“For there is nothing either good or bad, but thinking makes it so.” -- William Shakespeare, Hamlet

Temperament Theory

A Very Short History of Temperament

©2008  Walter R. Smith

 

Temperament theory has been around for about 2,500 years. The early Greek philosophers noticed that people had one of four personalities. The Greek physician, Hippocrates (c 370 BC) compared these personalities with bodily fluids. He said that if a person had a preponderance of:

 

            Blood, they were cheerful

            Black bile, they were somber

            Yellow bile, they were enthusiastic

            Phlegm, they were calm

 

The number four also seems to be a foundational number of life. Irenaeus, the Bishop of Lyon said that living creatures are quadriform, which explains the need for four gospels, four corners of the earth, allusions to the number four in the Book of Revelation, and other references to the number four.

 

Hume, Kant, Voltaire, and Rousseau all considered the four temperaments a matter of common knowledge.

 

Throughout history, other philosophers, psychologists, clergymen, doctors, and teachers have also acknowledge the existence of four personalities.

 

Dr. David Keirsey (b.1921), a psychologist and author of Please Understand Me, has made Temperament theory accessible to the average person in modern times.

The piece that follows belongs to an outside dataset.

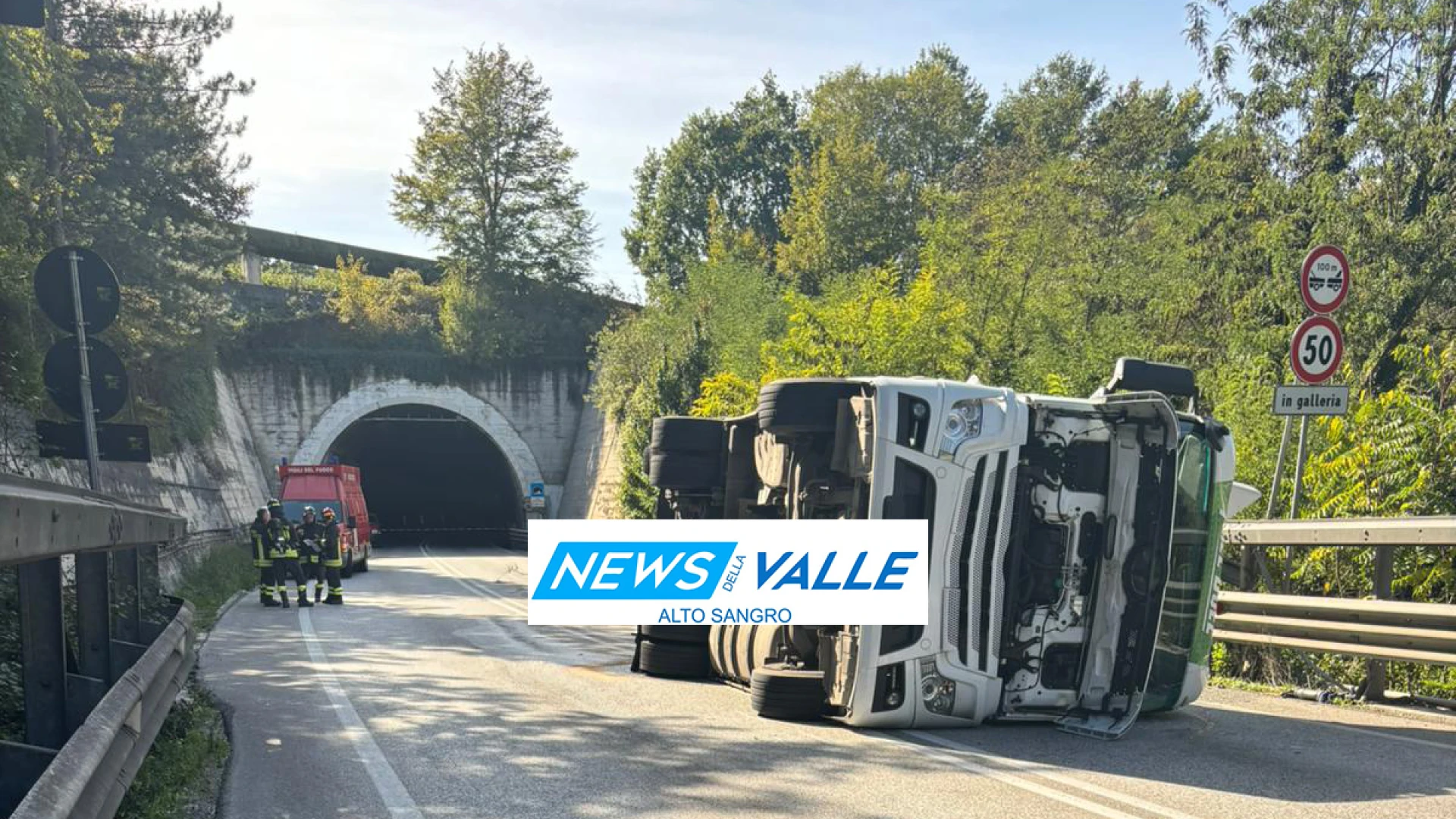 Tangenziale di Isernia: mezzo pesante si ribalta con un carico di sostanze “acide”. Operazioni di soccorso e bonifica stradale in atto.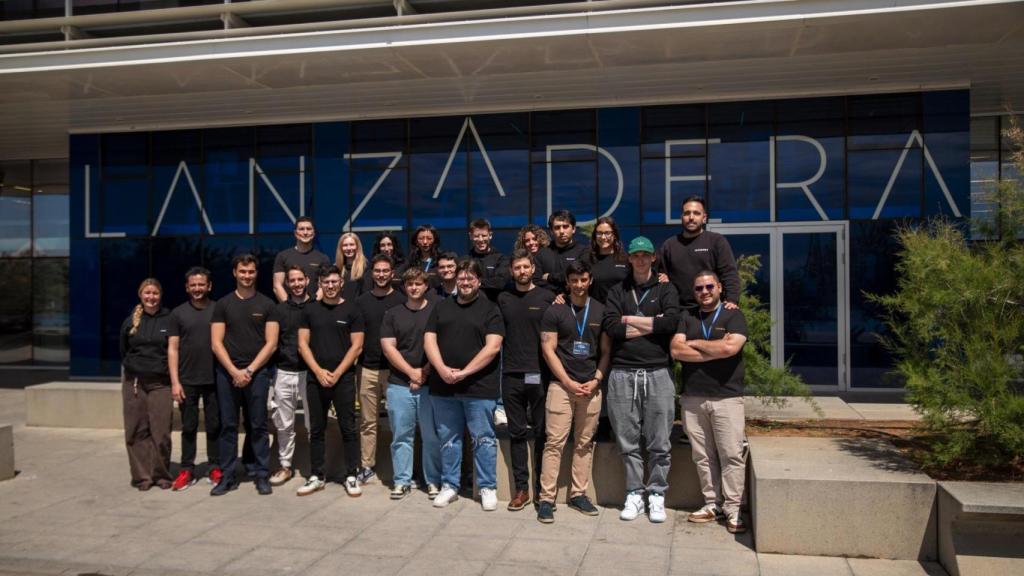 Equipo de Internxt en los exteriores de la aceleradora Lanzadera en la Marina de Valencia.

He calls the four personalities Artisans, Guardians, Idealists, and Rationals and assigns an animal to describe each personality.

 

 

 

Artisans (SP)

Fox

 

Core needs and values: Freedom and ability to make an impact on others

 

Pleasure seeking

Excitement

Bold

Spontaneous

Artistic

Adaptable

Sensual

 

Language: concrete

Behavior: utilitarian

 

ESTP—Promoter

ISTP—Crafter

ESFP—Performer

ISFP–Composer

 

Guardians (SJ)

Beaver

 

Core needs and values: Belonging and responsibility

  

Traditional

Industrious

Manages resources well

Law abiding

Responsible

Adapts carefully

Seeks stability

 

Language: concrete

Behavior: cooperative

 

ESTJ—Administrator

ISTJ—Inspector

ESFJ—Provider

ISFJ–Protector

 

 

Idealists (NF)

Dolphin

 

Core needs and values: Meaning and significance, unique identity

 

Enthusiastic

Inspiring

Meaning in life

Empathy

Receptive

Sees potential

Humane

 

Language: abstract

Behavior: cooperative

 

ENFJ—Teacher

INFJ—Counselor

ENFP—Champion

INFP–Healer

 

Rationals (NT)

Owl

 

Core needs and values: Knowledge, self-control, and competence

 

Logical

Objective

Curious

Skeptical

Visionary

Scholarly

Reasoning

 

Language: abstract

Behavior: utilitarian

 

ENTJ—Fieldmarshall

INTJ—Mastermind

ENTP—Inventor

INTP–Architect

 

 

The difference between Temperament Theory and Type Theory is that Temperament deals with communication and behavior that is driven by peoples’ core needs and values whereas Type is interested in how we think. While Keirsey uses many Type terms, he, nevertheless, believes that we can only see what people say and do and not how they think. 

 

People communicate either abstractly i.e., they talk about ideas, or concretely i.e., they talk about what is directly in front of them—about things they can see, hear, smell, touch, or taste. People behave either in a cooperative manner i.e., they want to do what is right or in a utilitarian manner i.e., they do what works—what it takes to get the job done. They do not worry about whether or not it is the right thing to do. Keirsey also assigns roles to the sixteen types. See the above chart for an overview of each temperament.